Signé par le Major-Général Jonas Jean, agissant pour le Lieutenant-Général Derby Guerrier, le document ne laisse place à aucune ambiguïté. Tous les ordres de mission liés à la protection rapprochée, aux escortes et aux gardes statiques sont désormais annulés. Les militaires concernés disposent d’un délai strict de 72 heures pour regagner leurs casernes, avec l’obligation de restituer armes, munitions et équipements.
La mesure touche un large éventail de bénéficiaires, notamment des membres de l’ex-Conseil Présidentiel de Transition, des magistrats de la Cour de Cassation, des ministres en fonction ou anciens, des membres du Conseil Électoral Permanent ainsi que des directeurs généraux et autres personnalités publiques.
Selon le Haut Commandement, cette décision s’inscrit dans une logique de redéploiement stratégique. Les FAD’H entendent concentrer leurs effectifs sur leurs missions fondamentales, à savoir la défense de l’intégrité territoriale et la protection de la population. Le mémorandum évoque des « fronts prioritaires » nécessitant une mobilisation accrue dans un contexte national marqué par une insécurité persistante.
Dans cette optique, les autorités militaires invitent les personnalités concernées à se tourner vers la Police Nationale d’Haïti (PNH) pour assurer leur sécurité.
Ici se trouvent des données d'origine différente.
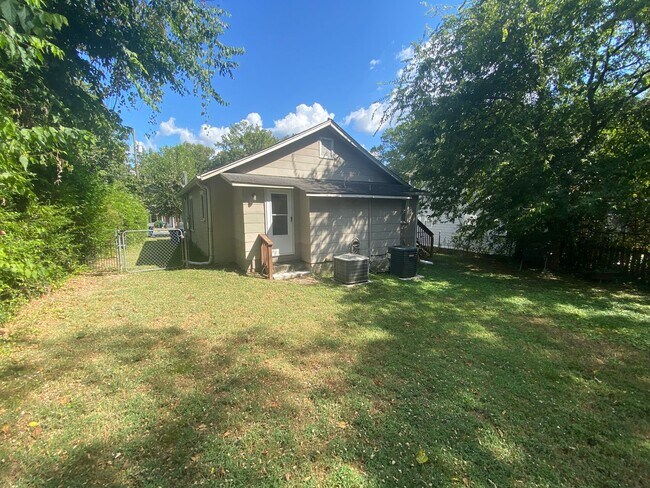 Building Photo - Big kitchen. Fenced yard. Walltown location. Under $1,300.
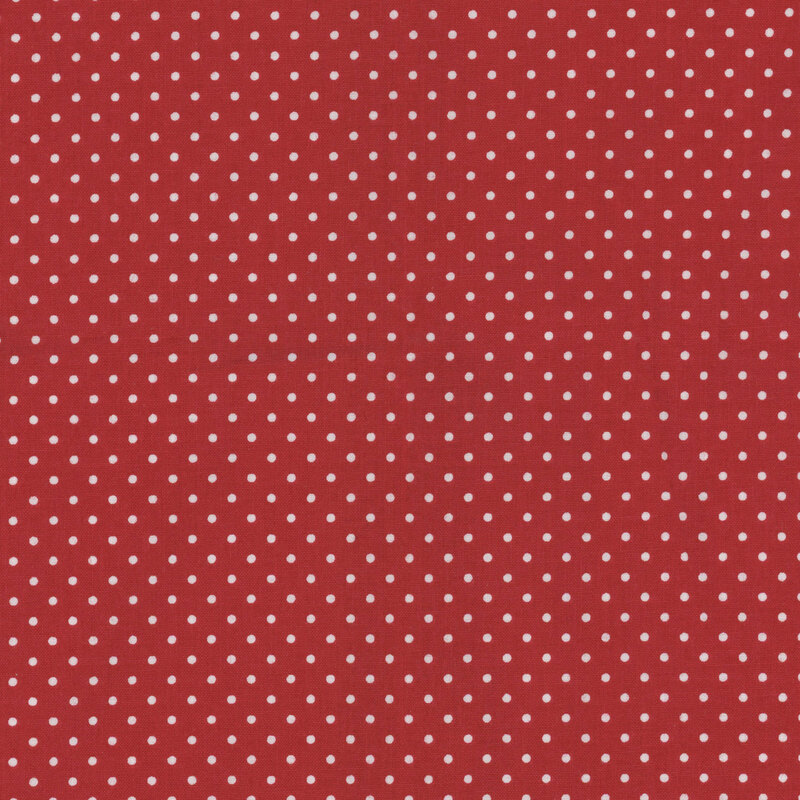 Deep red fabric with white polka dots.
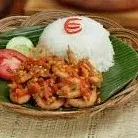 Nasi putih berbentuk kerucut bersama udang geprek dan sambal di atas anyaman bambu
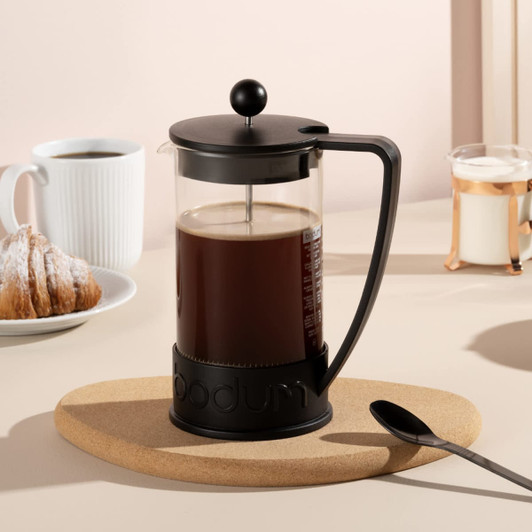 A Bodum Brazil French Press in black, filled with coffee, set on a cork mat, with a spoon and pastries in the background.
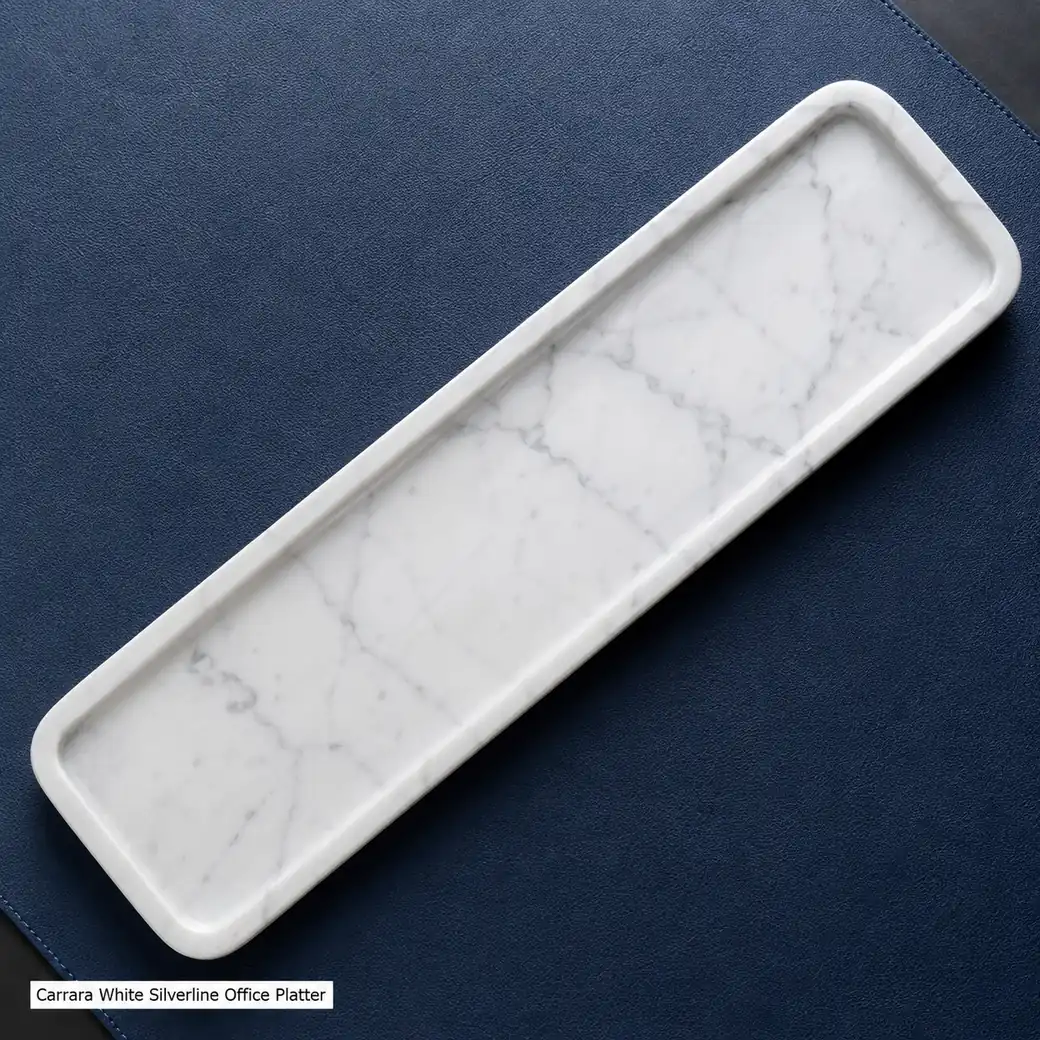 Overhead Carrara office tray on navy leather, displaying fine grey vein flow across its polished recessed surface.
Les unités spécialisées de la police sont appelées à prendre le relais, dans le cadre d’une coordination renforcée entre institutions.
Le Commandement en chef par intérim insiste également sur le caractère impératif de cette mesure, appelant au sens de l’État et au patriotisme des concernés afin de faciliter le retour des soldats dans leurs unités respectives. Tout retard ou refus d’exécution expose les militaires à des sanctions disciplinaires.
Cette décision, qualifiée de radicale par plusieurs observateurs, pourrait redéfinir les rapports entre pouvoir politique et institution militaire, tout en posant de nouvelles questions sur la capacité de la police à absorber cette responsabilité supplémentaire dans un climat sécuritaire déjà tendu.